Korea Investment & Securities Predicts 1% Economic Growth This Year
Base Rate Expected to Fall to 2.25% by Year-End
USD/KRW Exchange Rate Forecast to Average 1,365 Won in the Second Half
Korea Investment & Securities expects the annual economic growth rate to reach 1% this year, with a modest rebound in GDP growth starting from the second quarter. The base interest rate is projected to be cut by 0.25 percentage points each in May and October, reaching 2.25% by the end of the year. The average USD/KRW exchange rate forecast for the second half is set at 1,365 won.
The Asset Management Strategy Department of Korea Investment & Securities stated in its report, "Macroeconomic Outlook for the Second Half: Let's wait and see," released on May 29, "The Korean economy is expected to grow by 1.0% this year, showing a pattern of a weaker first half and a stronger second half."
The report cited several factors as the background for this outlook: a gradual easing of uncertainty surrounding tariff policies initiated by the Donald Trump administration in the US; the implementation of an additional supplementary budget; and the effects of base rate cuts. By sector, private consumption is expected to rebound slightly in the second half, construction investment is projected to gradually recover, while facility investment is likely to remain somewhat sluggish.
Korea Investment & Securities also stated, "US tariff policy remains a dominant factor shaping this year's economic trends.
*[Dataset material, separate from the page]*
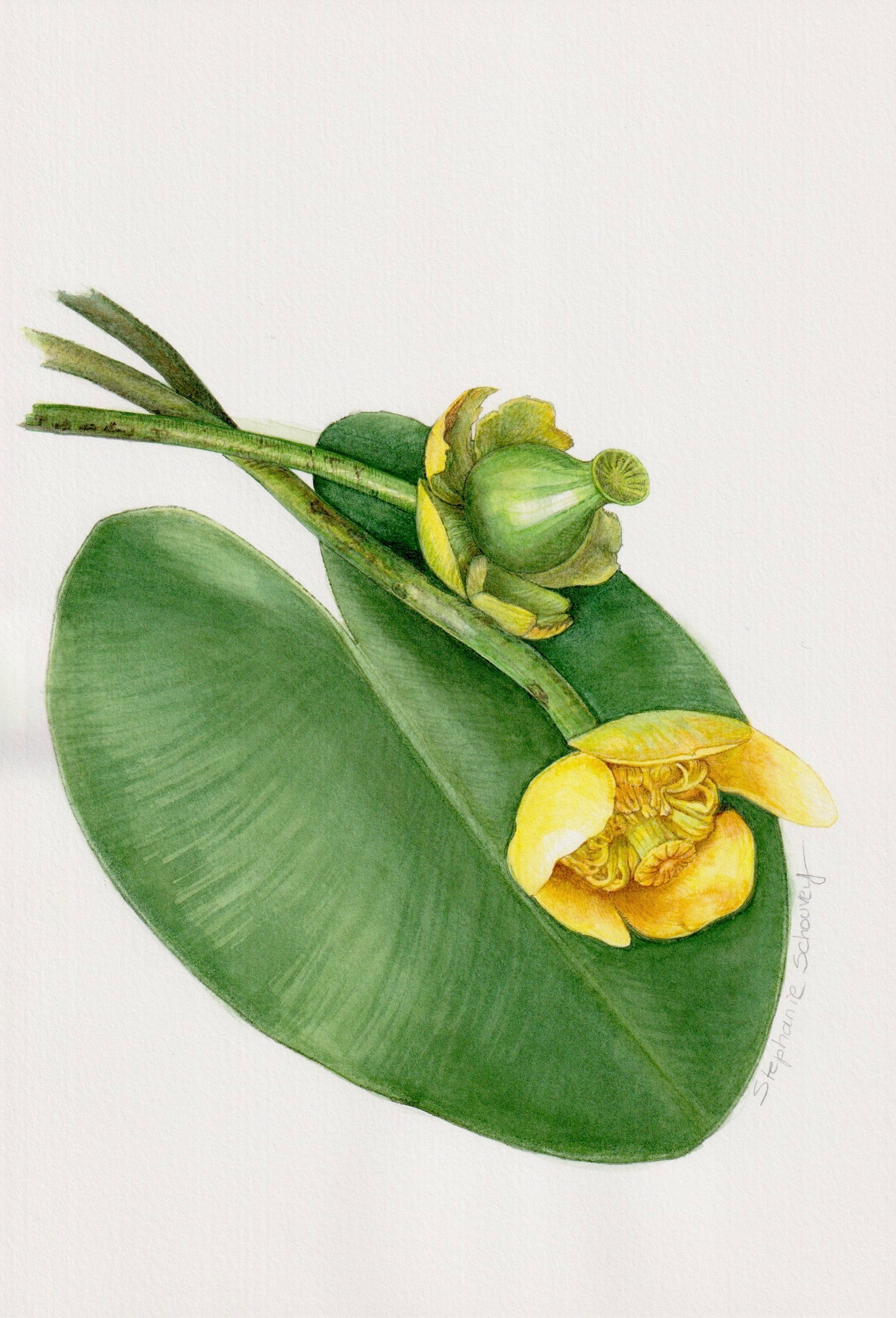 Dessin naturaliste à l'aquarelle de nénuphar jaune des marais, Nuphar lutea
With the 90-day mutual tariff suspension imposed on major countries, including Korea, set to expire on July 8, uncertainty surrounding tariff policy is expected to ease gradually rather than intensify."
The report further noted, "Since 2000, all administrations have pursued supplementary budget allocations within their first 100 days in office. We expect a supplementary budget of between 20 trillion and 35 trillion won to be allocated in the second half. Considering the first supplementary budget of 13.8 trillion won approved on May 1, the total supplementary budget for this year is expected to be around 35 trillion to 50 trillion won, which would boost this year's economic growth rate by 0.3 to 0.5 percentage points." The report continued, "The 0.75 percentage point base rate cut implemented by the Bank of Korea from October last year to February this year is expected to raise this year's and next year's economic growth rates by 0.17 and 0.26 percentage points, respectively. Given the transmission lag of monetary policy, these effects are expected to become visible from the second half of this year."
Additionally, Korea Investment & Securities forecasts that the Bank of Korea's Monetary Policy Board, meeting today and again on October 23, will cut the base rate by 0.25 percentage points each time. In this case, the year-end base rate will fall from 2.75% to 2.25%. Korea Investment & Securities expects, "If the 2026 growth rate and consumer price inflation rate are in line with our forecasts (1.8%), the Bank of Korea's rate-cutting cycle will likely end at 2.25%."
The report also stated, "After May, the timing of base rate cuts will be determined clearly depending on household debt and financial stability risks, as well as the direction of tariff policy developments under the Trump administration. If real estate prices and household debt continue to rise through the end of the year, the October rate cut we anticipate could be postponed to the second quarter of next year." This year's consumer price inflation rate (2.1%) and core inflation rate (1.9%) are estimated to be broadly consistent with the Bank of Korea's price stability target (2%).
The USD/KRW exchange rate for the second half is expected to average 1,365 won, showing a cyclical decline compared to the first half average of 1,427 won. Moon Daun, a researcher at Korea Investment & Securities, explained, "In the second half, the lower bound could fall to the low 1,300 won range. Externally, a short-term rebound in the US dollar is expected, but the overall trend for the second half is a weaker dollar." Moon added that if there are any revisions to the outlook, a downward adjustment is more likely at this point, citing as potential triggers a further decline in the dollar due to failure to moderate Trump administration policies, as well as the possibility of substantive intergovernmental exchange rate negotiations or heightened market expectations for such negotiations.
In addition, the annual growth rate for the US this year is forecast at 1.6%. The Federal Reserve is expected to maintain a wait-and-see stance, with one rate cut in the third quarter of this year and three more next year.